_WHAT TO WORK ON_
Among the records below, find each line that includes the string "Brown" and copy it.

----

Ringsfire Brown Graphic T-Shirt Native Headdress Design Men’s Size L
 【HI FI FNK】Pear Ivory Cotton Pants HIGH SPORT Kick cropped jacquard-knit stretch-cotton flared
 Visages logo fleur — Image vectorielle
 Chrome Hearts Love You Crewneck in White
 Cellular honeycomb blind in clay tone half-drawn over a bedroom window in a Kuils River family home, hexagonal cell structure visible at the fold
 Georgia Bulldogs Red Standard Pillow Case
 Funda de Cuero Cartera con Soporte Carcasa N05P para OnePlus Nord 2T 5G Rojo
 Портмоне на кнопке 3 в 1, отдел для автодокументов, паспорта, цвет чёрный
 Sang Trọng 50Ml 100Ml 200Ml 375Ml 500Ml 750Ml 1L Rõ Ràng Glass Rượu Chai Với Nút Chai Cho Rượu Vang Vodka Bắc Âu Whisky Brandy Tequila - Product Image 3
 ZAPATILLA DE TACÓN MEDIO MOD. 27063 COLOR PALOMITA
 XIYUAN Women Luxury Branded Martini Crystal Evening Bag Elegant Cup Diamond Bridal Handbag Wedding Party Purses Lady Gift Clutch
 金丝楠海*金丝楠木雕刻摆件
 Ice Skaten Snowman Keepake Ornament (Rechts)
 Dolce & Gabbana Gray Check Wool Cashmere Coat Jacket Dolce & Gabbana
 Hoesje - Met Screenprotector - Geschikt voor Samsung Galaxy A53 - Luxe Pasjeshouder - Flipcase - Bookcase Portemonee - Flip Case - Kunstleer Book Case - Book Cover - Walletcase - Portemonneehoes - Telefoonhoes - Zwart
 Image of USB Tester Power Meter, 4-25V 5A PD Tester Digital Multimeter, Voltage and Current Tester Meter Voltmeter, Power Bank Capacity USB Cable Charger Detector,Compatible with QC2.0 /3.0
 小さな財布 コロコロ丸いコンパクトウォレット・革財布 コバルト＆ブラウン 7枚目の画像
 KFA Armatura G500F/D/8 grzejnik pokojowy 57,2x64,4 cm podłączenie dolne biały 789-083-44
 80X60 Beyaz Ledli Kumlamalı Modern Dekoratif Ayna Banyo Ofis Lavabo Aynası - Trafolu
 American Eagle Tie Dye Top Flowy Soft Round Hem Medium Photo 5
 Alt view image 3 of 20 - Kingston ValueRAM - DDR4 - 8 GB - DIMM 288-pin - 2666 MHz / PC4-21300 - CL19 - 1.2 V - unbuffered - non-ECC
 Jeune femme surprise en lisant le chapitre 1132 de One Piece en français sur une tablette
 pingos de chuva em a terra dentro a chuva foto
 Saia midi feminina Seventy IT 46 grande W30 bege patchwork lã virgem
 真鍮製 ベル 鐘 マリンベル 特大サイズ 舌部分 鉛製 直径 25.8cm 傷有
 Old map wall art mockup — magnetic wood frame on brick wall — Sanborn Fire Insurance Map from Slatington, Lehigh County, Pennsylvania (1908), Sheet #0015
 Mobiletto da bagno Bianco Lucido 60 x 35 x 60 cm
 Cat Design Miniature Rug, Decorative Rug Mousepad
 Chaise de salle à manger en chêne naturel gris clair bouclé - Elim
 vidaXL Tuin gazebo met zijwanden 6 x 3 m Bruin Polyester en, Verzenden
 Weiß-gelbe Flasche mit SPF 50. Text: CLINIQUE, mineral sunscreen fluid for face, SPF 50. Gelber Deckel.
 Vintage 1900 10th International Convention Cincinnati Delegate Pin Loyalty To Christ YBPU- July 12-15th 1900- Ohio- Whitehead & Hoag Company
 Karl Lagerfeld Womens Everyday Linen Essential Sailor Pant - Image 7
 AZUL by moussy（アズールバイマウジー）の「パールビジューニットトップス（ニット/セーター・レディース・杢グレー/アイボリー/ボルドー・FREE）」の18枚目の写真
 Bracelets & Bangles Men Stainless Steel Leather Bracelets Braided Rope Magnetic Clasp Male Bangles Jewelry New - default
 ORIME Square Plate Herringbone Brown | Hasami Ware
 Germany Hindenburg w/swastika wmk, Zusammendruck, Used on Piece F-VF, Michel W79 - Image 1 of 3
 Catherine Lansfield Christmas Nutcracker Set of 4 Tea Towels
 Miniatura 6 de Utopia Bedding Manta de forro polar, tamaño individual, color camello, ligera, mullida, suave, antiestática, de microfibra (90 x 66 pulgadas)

----

_OUTPUT_
Ringsfire Brown Graphic T-Shirt Native Headdress Design Men’s Size L
 ORIME Square Plate Herringbone Brown | Hasami Ware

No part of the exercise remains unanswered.